E, ao mesmo tempo, poder vê-las é ter algum controle sobre este intenso desprazer. Imaginariamente as feridas estão fora, a dor as localiza e delas emana. Posso ser as marcas, o sangue, posso ser o segredo.

Simbolicamente os cortes são Cortes, barram o sofrimento, marcam meu pertencimento, meu não pertencimento. Minha pele é minha boca e diz ao mundo o que não tenho palavras para dizer.

Um adendo: Em seu livro “Borderline: Uma Outra Normalidade” Nahman Armony traz a idéia de uma nova subjetividade: o borderline como paradigma do homem atual , “hipermoderno”, assim como o neurótico foi um dia o paradigma do homem freudiano, pautado pela repressão. O homem atual, com suas valências identificatórias em aberto, é um homem em devir, homem poroso, que se organiza, e (des)organiza à sua maneira.

Continuamos tentando ajudar nossos pacientes a simbolizar, achar palavras. Dizer-se. Mas os modos de dizer mudam com os tempos. Que possamos escutar sem preconceito as novas identidades que surgem na clínica.
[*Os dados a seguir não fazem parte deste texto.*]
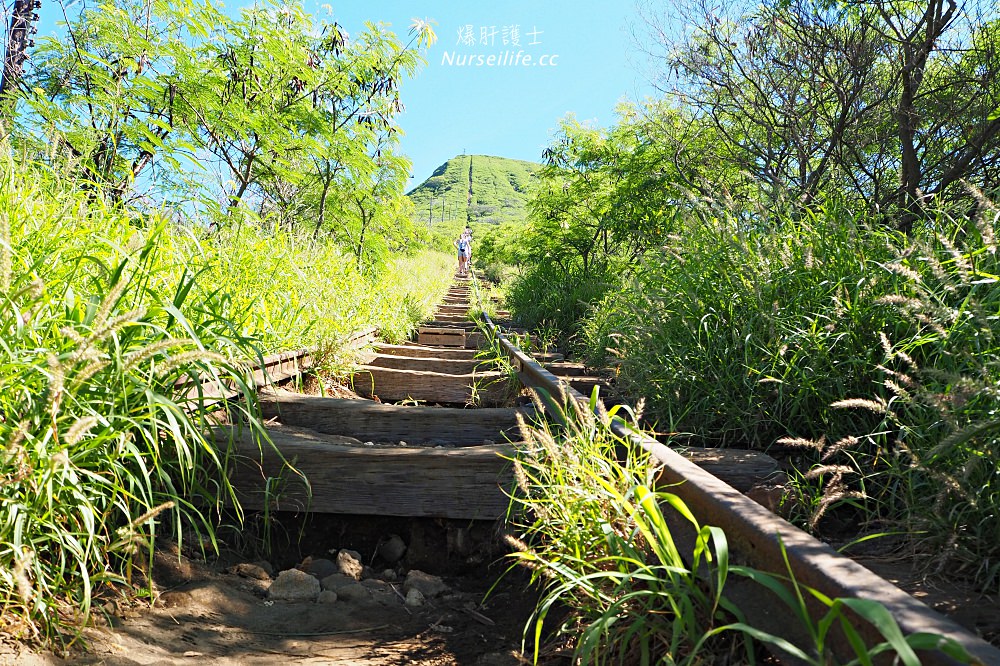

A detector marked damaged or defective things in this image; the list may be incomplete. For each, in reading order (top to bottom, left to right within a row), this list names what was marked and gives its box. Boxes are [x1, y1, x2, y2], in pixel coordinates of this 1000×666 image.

rusty metal rail [472, 272, 1000, 664]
Alguns meninos e meninas e menines que permanecerão nesta outra normalidade e cujos cortes podemos ajudar que se transformem em tatuagens, mensagens, piercings, poemas ou gritos. E o que mais for possível. A música acima, de Paulinho Moska, fala deste ser hipermoderno, móbile no furacão. Vale ouvir, com toda atenção!!!

Pois, como sempre, os artistas saem na frente, captando o mundo.

(Obrigada, Maria Helena, a artista do nosso grupo, que me deu a idéia das pinturas de Henri Matisse).